Back in 1983 or 1984, while I was researching something quite different about Africa, I came across a mention of an animal known only as the Kilimanjaro Elephant. It was an evocative name that seemed to have a mythic quality to it, so I began finding out what I could about this elephant -- and what I found fascinated me.
In the _Roland Ward Book of Big Game Records_, the top 200 trophy animals of every African species are listed. Usually the difference between the Number One and Number Twenty animals is half an inch, or a quarter of a pound. No so with the Kilimanjaro Elephant: his tusks weighed 237 and 225 pounds, and no other tusk in history ever went over 190 pounds. He was a monster among his own kind.

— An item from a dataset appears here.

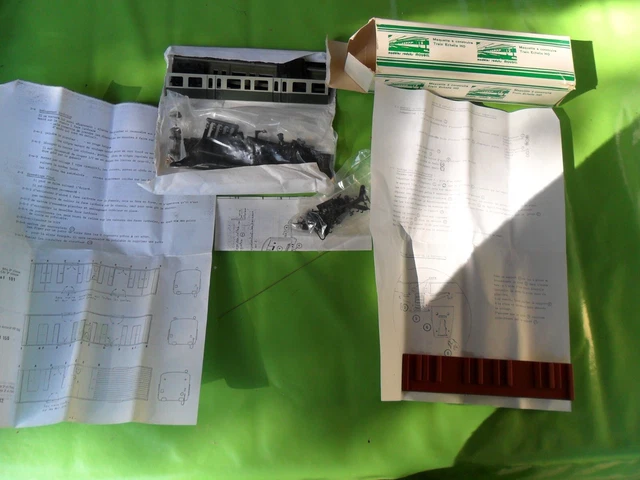Kit MOUGEL HO – Voiture Mixte Sud-Ouest Modernisée – Train électrique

There was more, too -- or, rather, curiously less. With almost every other animal in the book, they know the date it was killed, who shot it, what kind of bullet was used, where it was shot, who the guide or white hunter was, what the animal's measurements were. Not so the Kilimanjaro Elephant: they think, but do not know, that he was killed on the northern slopes of Mount Kilimanjaro; they suspect, but do not know, that he was killed in 1898; they surmise, but do not know, that he was killed by an escaped slave. And that constitutes everything that is known about him.
Well, everything prior to his death, anyway. His ivory turned up for auction at Zanzibar in 1898. One tusk, the larger one, was bought by an American, who was to pick it up in Cairo. It was shipped north with a slave caravan, but the caravan was raided and the tusk disappeared for twelve years, finally turning up in Brussels. The other tusk went to Belgium, then India, and ultimately England. Finally the British Museum of Natural History bought the pair of them in 1932, and after an attempt was made to steal them in 1937, they were taken off exhibit and stored away in a vault beneath the museum, where they still reside. I wrote to the curator for permission to examine them, and finally got to see them in May of 1985. They are magnificent, each measuring more than ten feet long and two feet in circumference at the base.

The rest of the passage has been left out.